Appeals court sends Browning-Ferris back to NLRB
- A federal appeals court has put the joint employment debate back in the National Labor Relations Board's (NLRB) court, approving, in part, the Board's Obama-era Browning-Ferris standard (Browning-Ferris Industries of California, Inc., No. 16-1028 (D.C. Cir., Dec. 28, 2018)).
- In a 2-1 opinion, the U.S. Circuit Court of Appeals for the D.C. Circuit said that it was permissible for the Board to create a standard that considered both an employer's reserved right to control and its indirect control over employees' terms and conditions of employment. It also held, however, that the Board didn't apply that standard properly in Browning-Ferris and remanded the case.
- In a dissent, Senior Circuit Judge A. Raymond Randolph said the court should not have issued a merits opinion in light of the pending rulemaking proceedings.
While the D.C. Circuit has approved the Obama Board's broad interpretation of joint employment under the National Labor Relations Act, it remains to be seen whether today's NLRB will adopt such a position.
As Ogletree Deakins attorneys pointed out in a blog post for the firm, the court left several questions unanswered, most notably whether the ruling means that NLRB now lacks the authority to finalize its proposed rule.
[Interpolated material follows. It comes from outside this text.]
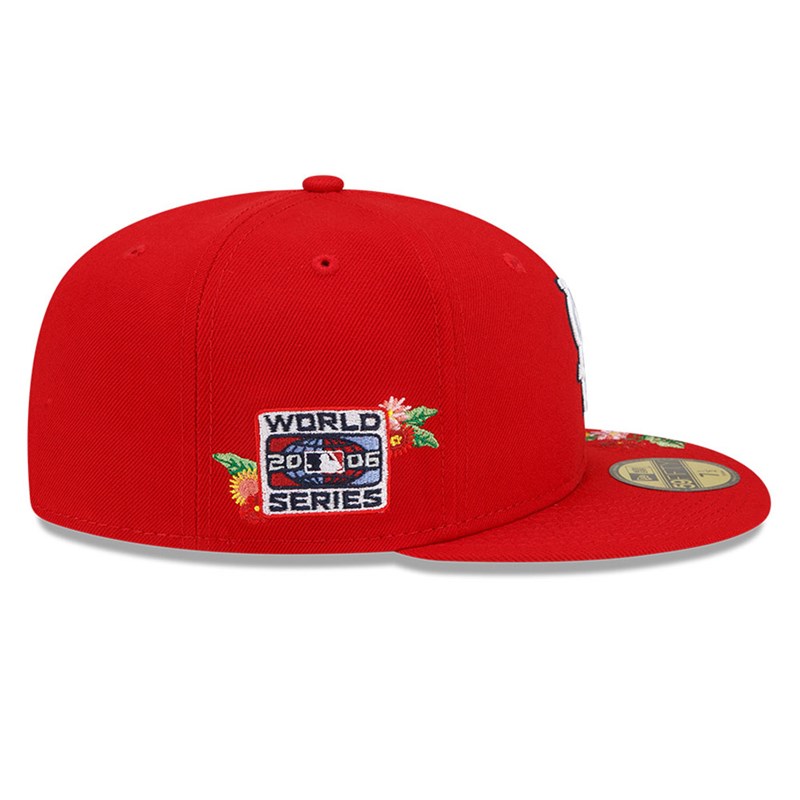 59fifty New Era St. Louis Cardinals Visor Bloom Fitted Gorras Rojos | YG8534297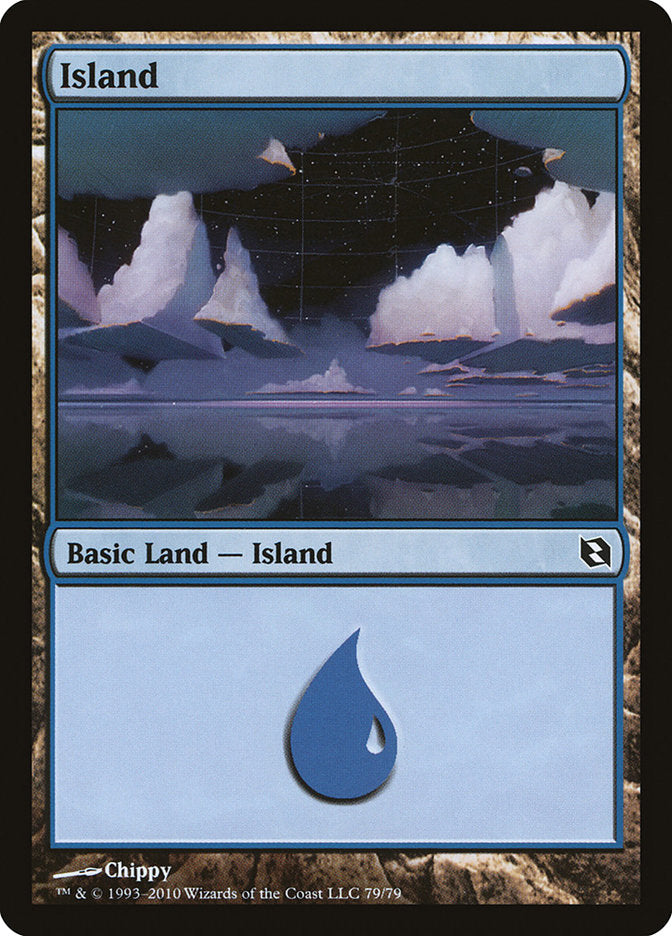 Island (79) [Duel Decks: Elspeth vs. Tezzeret] | Nerdhalla Games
Randolph noted as much in a footnote as well: "If the challenge to the final Board rule here were brought in a district court in another circuit, that district court would have no obligation to follow the majority opinion in this case. For this reason the Board, in its rulemaking, may decide to treat the majority's opinion as having no binding effect on the Board."
The agency proposed new joint employment regulations in September after other unsuccessful attempts to create a more employer-friendly standard. NLRB has proposed that an employer may be considered a joint employer of a separate company's employees only if the two share or codetermine the employees' essential terms and conditions of employment. A joint employer would possess and exercise substantial direct and immediate control over the employees' essential terms and conditions of employment in a manner that is not limited and routine. The comment period closes Jan. 14 and the Board has not yet said when it will issue final rules.
The court's decision does little more than guarantee that the joint employment saga will continue for years to come, according to the Ogletree attorneys; "The court majority merely provided arguments for future challenges to any rule the Board is likely to adopt."
Correction: An earlier version of this article included an incorrect closing date for the joint employment NPRM. HR Dive regrets the error.